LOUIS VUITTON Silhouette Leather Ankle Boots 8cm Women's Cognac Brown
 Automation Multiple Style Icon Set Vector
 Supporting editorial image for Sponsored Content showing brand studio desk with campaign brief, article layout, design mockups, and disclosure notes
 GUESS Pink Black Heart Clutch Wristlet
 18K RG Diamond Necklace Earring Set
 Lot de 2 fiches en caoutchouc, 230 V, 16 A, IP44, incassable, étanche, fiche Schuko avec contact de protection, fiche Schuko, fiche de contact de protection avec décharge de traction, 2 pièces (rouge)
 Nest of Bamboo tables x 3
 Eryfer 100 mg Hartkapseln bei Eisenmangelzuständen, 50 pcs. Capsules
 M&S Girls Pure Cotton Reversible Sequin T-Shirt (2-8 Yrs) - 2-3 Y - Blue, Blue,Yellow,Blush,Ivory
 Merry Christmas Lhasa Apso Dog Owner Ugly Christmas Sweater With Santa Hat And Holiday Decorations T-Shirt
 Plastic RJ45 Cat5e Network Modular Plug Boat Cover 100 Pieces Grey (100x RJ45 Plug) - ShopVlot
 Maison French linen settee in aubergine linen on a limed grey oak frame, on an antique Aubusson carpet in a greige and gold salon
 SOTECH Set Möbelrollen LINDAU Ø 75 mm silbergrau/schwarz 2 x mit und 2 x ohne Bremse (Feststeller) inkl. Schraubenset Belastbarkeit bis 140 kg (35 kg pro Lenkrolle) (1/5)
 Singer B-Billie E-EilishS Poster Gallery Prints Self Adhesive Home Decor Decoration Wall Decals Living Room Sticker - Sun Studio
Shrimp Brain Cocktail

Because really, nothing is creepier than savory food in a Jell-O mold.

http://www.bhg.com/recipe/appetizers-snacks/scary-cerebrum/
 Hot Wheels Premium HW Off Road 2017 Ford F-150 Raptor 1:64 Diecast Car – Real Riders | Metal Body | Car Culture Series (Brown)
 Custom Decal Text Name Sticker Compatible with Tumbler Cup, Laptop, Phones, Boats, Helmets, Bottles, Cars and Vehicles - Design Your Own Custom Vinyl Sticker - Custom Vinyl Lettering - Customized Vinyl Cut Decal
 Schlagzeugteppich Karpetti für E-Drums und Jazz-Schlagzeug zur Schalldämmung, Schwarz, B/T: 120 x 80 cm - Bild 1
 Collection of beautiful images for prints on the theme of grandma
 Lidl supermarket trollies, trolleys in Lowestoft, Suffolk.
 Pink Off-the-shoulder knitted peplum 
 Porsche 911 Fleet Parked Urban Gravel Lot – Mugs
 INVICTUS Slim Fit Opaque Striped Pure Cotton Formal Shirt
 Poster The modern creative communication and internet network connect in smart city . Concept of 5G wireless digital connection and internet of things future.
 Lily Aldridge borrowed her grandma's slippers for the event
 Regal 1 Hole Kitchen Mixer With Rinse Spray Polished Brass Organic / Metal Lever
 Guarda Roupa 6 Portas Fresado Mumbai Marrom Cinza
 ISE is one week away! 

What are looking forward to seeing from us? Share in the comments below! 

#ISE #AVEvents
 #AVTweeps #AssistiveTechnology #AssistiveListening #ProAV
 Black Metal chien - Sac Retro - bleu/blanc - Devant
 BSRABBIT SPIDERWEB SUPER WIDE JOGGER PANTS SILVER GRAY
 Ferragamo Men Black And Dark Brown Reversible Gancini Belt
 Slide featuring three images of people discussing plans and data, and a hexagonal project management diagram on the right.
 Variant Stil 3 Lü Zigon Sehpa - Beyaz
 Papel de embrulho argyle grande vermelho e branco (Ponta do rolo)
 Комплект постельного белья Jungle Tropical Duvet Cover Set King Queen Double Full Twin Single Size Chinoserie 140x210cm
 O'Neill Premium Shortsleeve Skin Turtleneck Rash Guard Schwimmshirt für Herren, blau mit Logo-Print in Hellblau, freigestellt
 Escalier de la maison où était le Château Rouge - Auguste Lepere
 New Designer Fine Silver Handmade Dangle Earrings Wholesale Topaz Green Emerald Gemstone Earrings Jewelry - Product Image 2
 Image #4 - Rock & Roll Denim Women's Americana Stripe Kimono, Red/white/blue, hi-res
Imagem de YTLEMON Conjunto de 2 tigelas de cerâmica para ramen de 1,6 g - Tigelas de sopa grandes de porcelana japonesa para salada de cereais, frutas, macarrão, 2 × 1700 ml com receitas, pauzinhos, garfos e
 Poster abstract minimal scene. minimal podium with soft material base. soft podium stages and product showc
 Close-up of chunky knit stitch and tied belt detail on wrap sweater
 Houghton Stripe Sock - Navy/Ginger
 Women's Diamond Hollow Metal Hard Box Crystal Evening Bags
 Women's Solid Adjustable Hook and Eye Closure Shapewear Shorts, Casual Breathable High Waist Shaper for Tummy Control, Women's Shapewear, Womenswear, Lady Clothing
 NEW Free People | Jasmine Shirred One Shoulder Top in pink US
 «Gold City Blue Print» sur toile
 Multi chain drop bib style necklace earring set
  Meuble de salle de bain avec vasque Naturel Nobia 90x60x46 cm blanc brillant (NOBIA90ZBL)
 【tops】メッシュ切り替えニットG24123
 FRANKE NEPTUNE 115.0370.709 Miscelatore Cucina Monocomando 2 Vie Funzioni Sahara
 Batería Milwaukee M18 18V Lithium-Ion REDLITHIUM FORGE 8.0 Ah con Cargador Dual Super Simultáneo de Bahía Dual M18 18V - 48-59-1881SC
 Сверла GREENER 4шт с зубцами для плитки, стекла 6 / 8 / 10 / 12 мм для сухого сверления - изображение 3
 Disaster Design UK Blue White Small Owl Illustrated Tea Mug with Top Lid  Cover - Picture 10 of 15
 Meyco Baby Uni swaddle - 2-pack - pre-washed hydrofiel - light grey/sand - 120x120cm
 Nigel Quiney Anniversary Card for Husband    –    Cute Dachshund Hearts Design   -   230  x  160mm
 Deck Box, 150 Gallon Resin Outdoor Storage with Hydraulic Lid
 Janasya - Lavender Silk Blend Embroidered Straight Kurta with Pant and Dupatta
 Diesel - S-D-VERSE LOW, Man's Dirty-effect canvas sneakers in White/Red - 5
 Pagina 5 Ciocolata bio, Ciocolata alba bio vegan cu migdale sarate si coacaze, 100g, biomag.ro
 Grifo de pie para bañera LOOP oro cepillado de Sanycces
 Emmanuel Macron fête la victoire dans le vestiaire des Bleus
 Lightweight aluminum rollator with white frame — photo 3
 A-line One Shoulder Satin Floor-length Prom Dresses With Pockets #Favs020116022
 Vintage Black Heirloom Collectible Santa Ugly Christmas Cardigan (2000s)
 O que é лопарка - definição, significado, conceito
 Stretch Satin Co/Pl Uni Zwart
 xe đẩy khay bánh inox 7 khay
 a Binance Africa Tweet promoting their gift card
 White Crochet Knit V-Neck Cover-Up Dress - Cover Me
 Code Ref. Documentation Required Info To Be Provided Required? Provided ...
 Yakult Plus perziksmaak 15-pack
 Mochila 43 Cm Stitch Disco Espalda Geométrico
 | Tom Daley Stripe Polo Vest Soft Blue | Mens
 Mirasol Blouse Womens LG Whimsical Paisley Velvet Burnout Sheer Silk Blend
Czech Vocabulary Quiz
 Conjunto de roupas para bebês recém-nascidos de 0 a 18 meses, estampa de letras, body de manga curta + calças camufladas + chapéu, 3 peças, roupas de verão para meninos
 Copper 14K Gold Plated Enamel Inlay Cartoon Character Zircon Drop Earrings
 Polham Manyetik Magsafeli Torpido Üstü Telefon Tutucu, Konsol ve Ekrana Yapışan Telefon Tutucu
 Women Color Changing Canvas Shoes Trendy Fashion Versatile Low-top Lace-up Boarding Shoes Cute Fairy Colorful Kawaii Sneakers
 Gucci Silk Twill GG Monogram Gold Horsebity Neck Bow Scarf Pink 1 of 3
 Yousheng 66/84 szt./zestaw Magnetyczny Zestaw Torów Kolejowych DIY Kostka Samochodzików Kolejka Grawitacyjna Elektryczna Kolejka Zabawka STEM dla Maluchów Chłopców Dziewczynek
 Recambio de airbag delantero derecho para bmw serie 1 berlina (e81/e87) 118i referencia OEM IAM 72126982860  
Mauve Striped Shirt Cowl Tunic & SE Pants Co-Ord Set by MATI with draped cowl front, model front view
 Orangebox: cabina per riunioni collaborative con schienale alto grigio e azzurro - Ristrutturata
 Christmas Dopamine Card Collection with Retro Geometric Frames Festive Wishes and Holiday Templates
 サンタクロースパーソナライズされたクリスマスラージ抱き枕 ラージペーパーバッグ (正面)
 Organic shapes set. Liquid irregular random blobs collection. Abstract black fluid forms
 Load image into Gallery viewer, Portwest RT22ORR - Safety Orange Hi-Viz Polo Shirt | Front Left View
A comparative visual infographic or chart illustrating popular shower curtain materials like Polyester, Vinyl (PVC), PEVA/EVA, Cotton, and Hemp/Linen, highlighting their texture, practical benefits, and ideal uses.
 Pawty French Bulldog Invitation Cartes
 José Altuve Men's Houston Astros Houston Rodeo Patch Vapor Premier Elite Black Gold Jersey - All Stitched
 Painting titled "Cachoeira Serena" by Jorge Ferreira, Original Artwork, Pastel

**Activity:** What you give back must be the stretch above, starting at the line with "Multi chain drop" and ending at the line with "Сверла GREENER 4шт", copied exactly.

**Worked solution:**
 Multi chain drop bib style necklace earring set
  Meuble de salle de bain avec vasque Naturel Nobia 90x60x46 cm blanc brillant (NOBIA90ZBL)
 【tops】メッシュ切り替えニットG24123
 FRANKE NEPTUNE 115.0370.709 Miscelatore Cucina Monocomando 2 Vie Funzioni Sahara
 Batería Milwaukee M18 18V Lithium-Ion REDLITHIUM FORGE 8.0 Ah con Cargador Dual Super Simultáneo de Bahía Dual M18 18V - 48-59-1881SC
 Сверла GREENER 4шт с зубцами для плитки, стекла 6 / 8 / 10 / 12 мм для сухого сверления - изображение 3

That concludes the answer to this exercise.